Use Alexa to trigger Jenkins builds. You can start builds, stop builds, and ask for the status of a build. You start a job by telling Alexa the jobname, and Alexa will do some fuzzy search in the list of all jobs on your jenkins instance, so you don't need to map any voice input to job names.
You can start jenkins with
Alexa, start jenkins.
Then ask me to interact with a job:
Alexa, start build {release}
Alexa, is {release build} still running?
Alexa, what is the status of the job {merge master to beta}?
Alexa, cancel {deployment to beta}
You can also avoid the two commands, by instructing Alexa to go and ask Jenkins directly:
Alexa, ask jenkins what the status is for {continuous build} d
- A running jenkins instance, and an account (username+API token) that has permissions to start and stop jobs.
- Amazon echo family device, or home made alternative (raspberry pi + alexa)
- An Amazon development account (free to register)
- An Amazon AWS account (I think this is also free)
- Python 3 and pip installed on your pc
- Install all python packages locally (necessary for Amazon lambda's)

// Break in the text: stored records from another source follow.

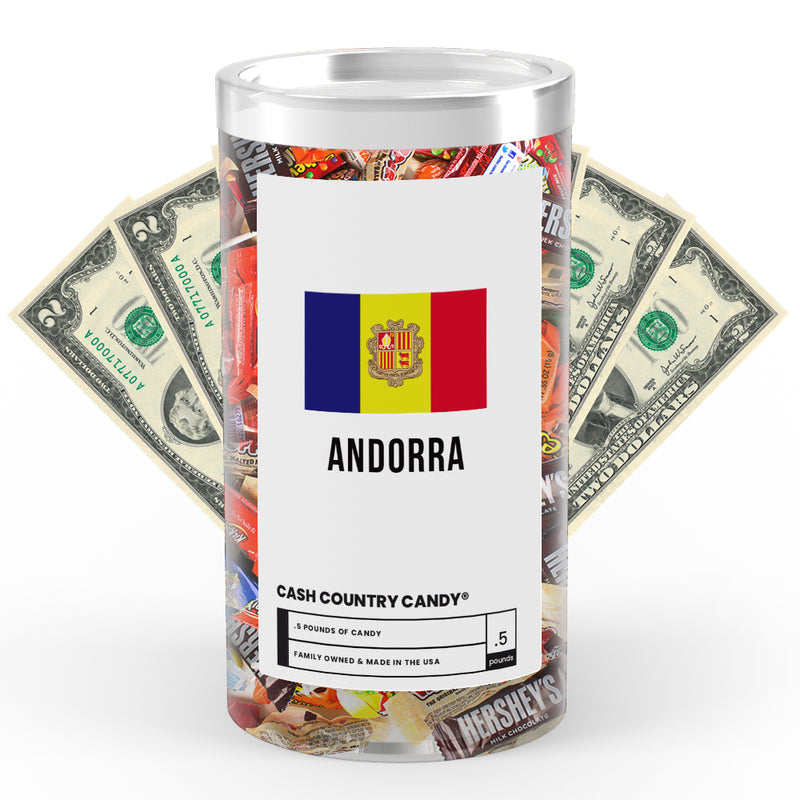 Andorra Cash Country Candy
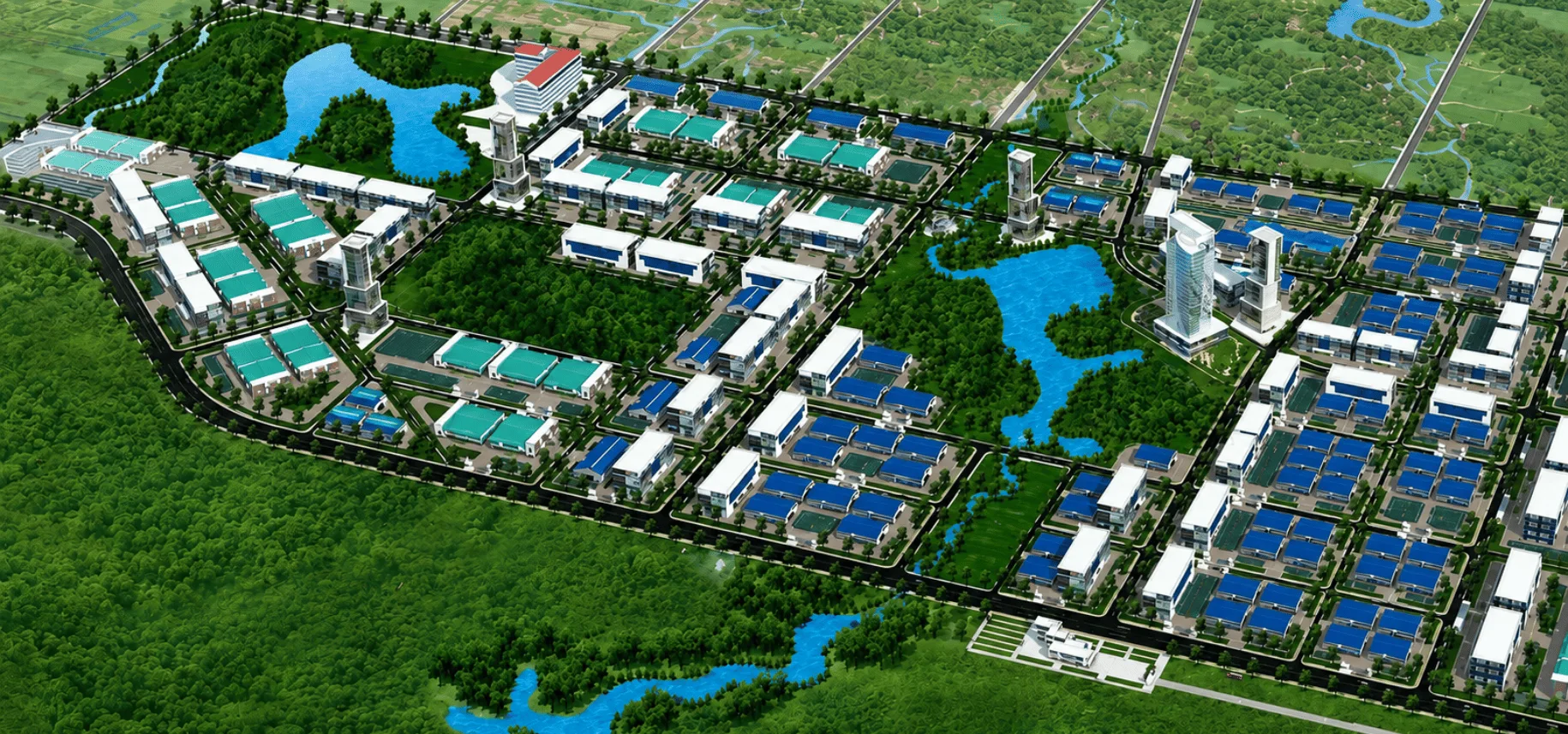 ĐẤT KHU CÔNG NGHIỆP LAM SƠN – SAO VÀNG, THANH HÓA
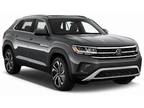 2023 Volkswagen Atlas Cross Sport 3.6 V6 SEL R-Line Black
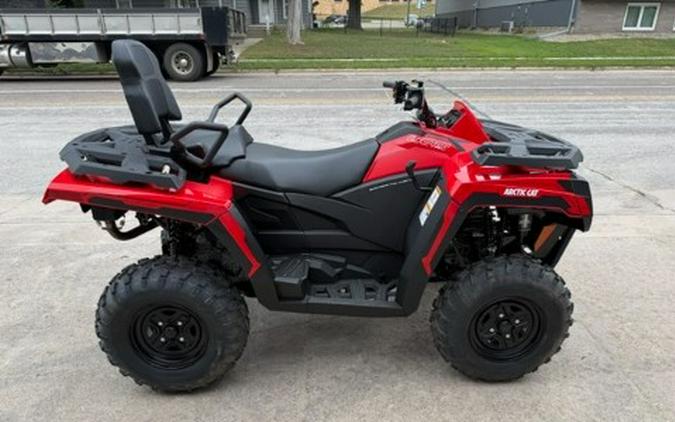2027 Arctic Cat Alterra 600 TRV EPS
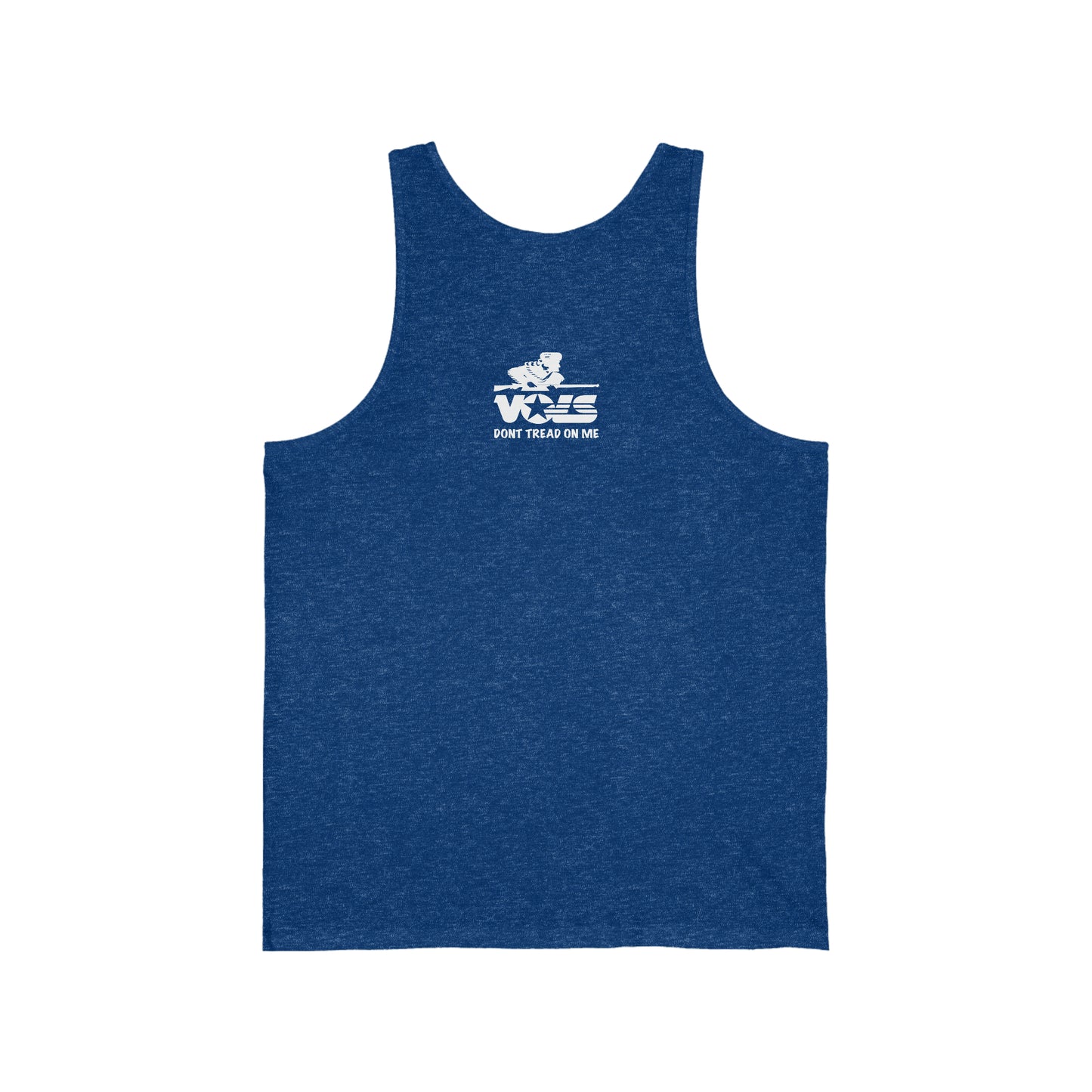 Gulfstream Vols 1776 Unisex Jersey Tank 2.0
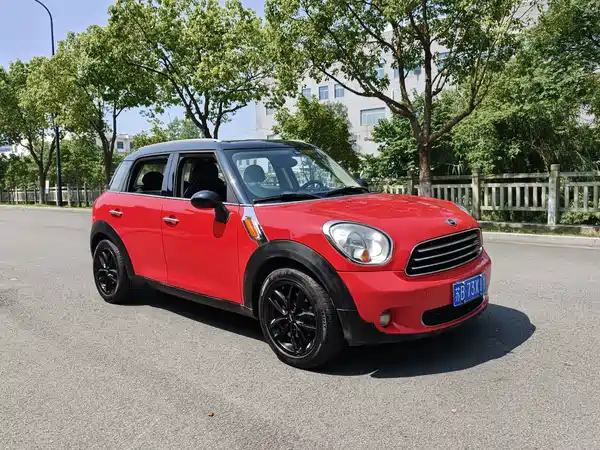 MINI Countryman 2014
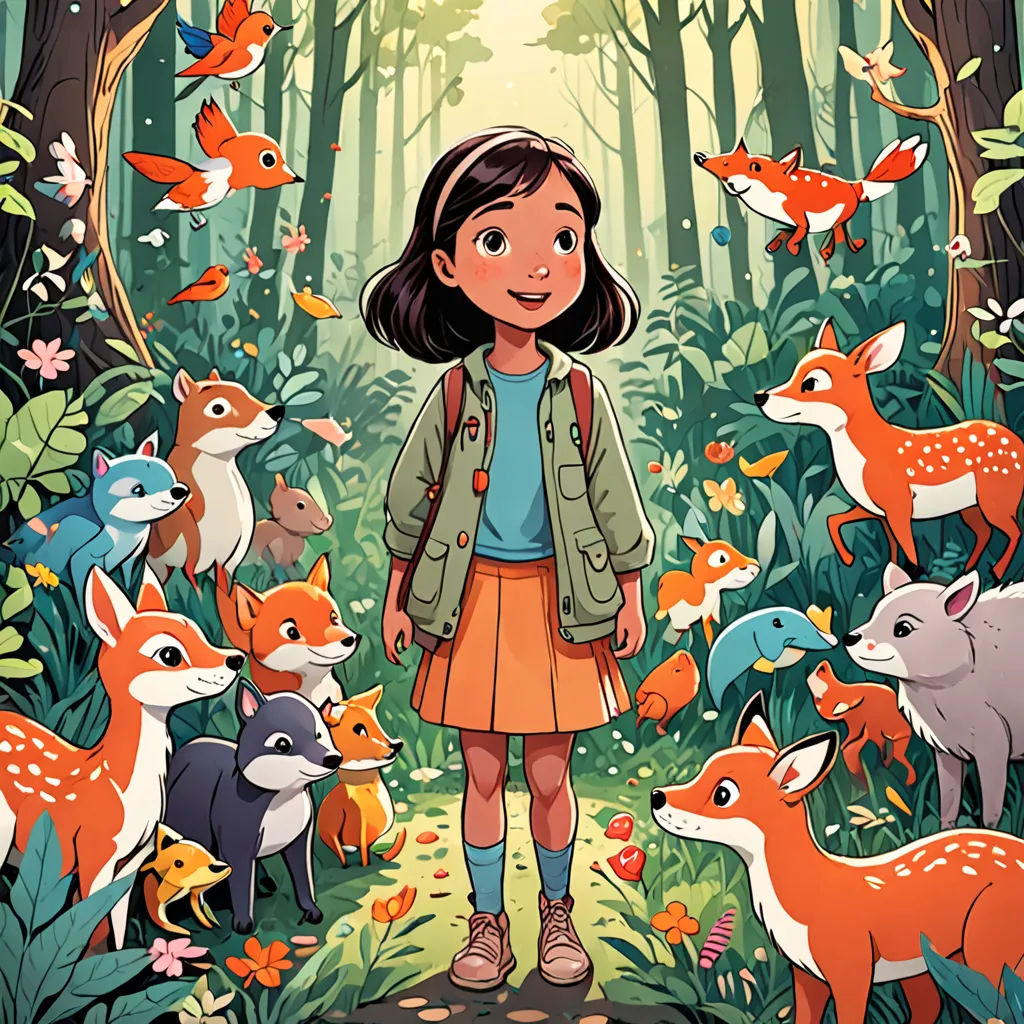 The Enchanted Forest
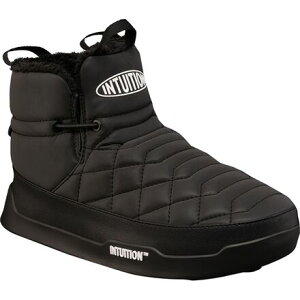 (���) �C���g�D�C�V���� �C���e���[�C�V���� �u�[�e�B �~�b�h �g�b�v Intuition Intuition Bootie Mid Top Flash Black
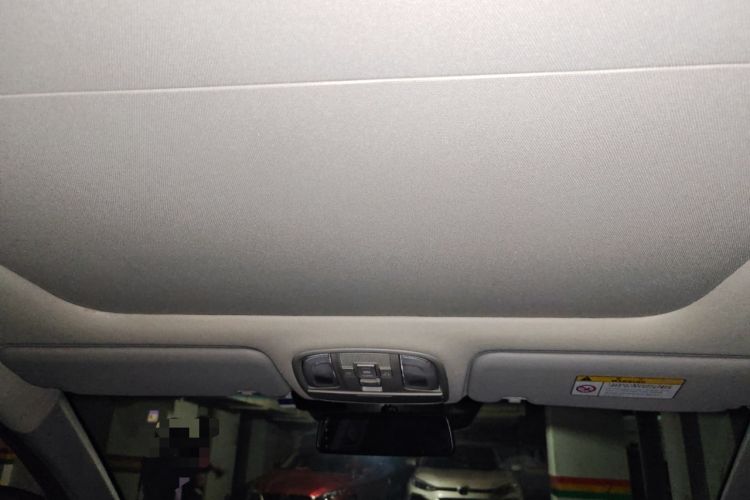 Used Kia KX3 2015 1.6L Automatic Two-Wheel Drive DLX Headliner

pip install -r requirements.txt -t .
-
Create an Amazon lambda in Python 3.
-
Create a zip of the content of this folder (Python files + libraries)
-
Upload the zip file as content of the lambda.
-
Set
jenkins_url
,jenkins_username
andjenkins_token
environment variables in the lambda settings. -
Create an Amazon Alexa skill.
-
Use language-model.json as language model. Don't forget to build it.
-
Set the created Lambda as endpoint for the alexa skill.
If your echo is linked with the same account as your development account, you should be able to test on your device already.
- for using
jenkins.py
locally, rename settings.yaml.sample to settings.yaml, and update it with your jenkins url and authentication parameters. - all
print
statements are written to Amazon's CloudWatch logging. This is very convenient. - You can test your lambda with test events. This way you don't need to use a voice controlled device all the time.
- Setting
should_end_session
in the intents to false (lambda_function.py
) ensures your echo session never closes, which is nice for testing purposes.